The details of this new empiricism are being worked out, mainly at conferences rather than in books or journals. Corpus-Based Studies in English contains selected papers from the seventeenth International Conference on English Language Research on Computerized Corpora (ICAME 17) held in Stockholm in 1996. This review will sample from the fruits of the new empiricism, as well as its issues, procedures, and problems, mainly for the benefit of linguists and applied linguists who are curious about the computational end of the field but who do not often come across specific instances of what goes on there. The review will not give a one-liner on each contribution, which is provided in the book's preface, but rather will explore a handful of themes in slightly more depth. These themes deal mainly with applied rather than theoretical questions (the series title is "Studies in Practical Linguistics.") The examples are entirely from English, although provided mainly by Germans, Dutch, and Scandinavians, and the research ideas and methodologies are ripe for adapting to French.
The practical focus of many of the contributions is language pedagogy. A corpus finding that has impacted strongly on English teaching is the importance of lexicalized phrases in language use and acquisition (also known as "formulaic expressions" or "chunks" (discussed in Nattinger & DeCarrico, 1992).

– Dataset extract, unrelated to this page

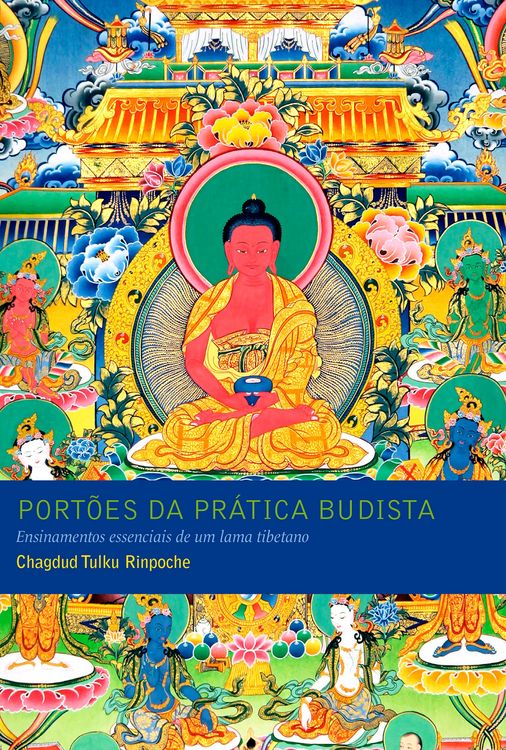 Produktbild: Port&otilde;es da pr&aacute;tica budista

In contrast to the slot-and-filler grammars attributed to Chomsky, where for example any noun can fill the slot wherever NP is indicated in the tree chart, it now seems clear that only one form of one noun will fill certain slots. For example, you can say "He got cold feet and refused to sign," but not "He got a cold foot and refused to sign." The analysis of large text corpora has shown that such restrictions are rather more common than unaided intuition would suggest. If language learners apply rules freely and productively, they will often end up with sentences that are grammatically acceptable but idiomatically unusual. It is less the "indefinitely many" sentences the grammar makes possible (Chomsky, 1965) that should occupy language learners as much as the relatively few that native speakers actually use.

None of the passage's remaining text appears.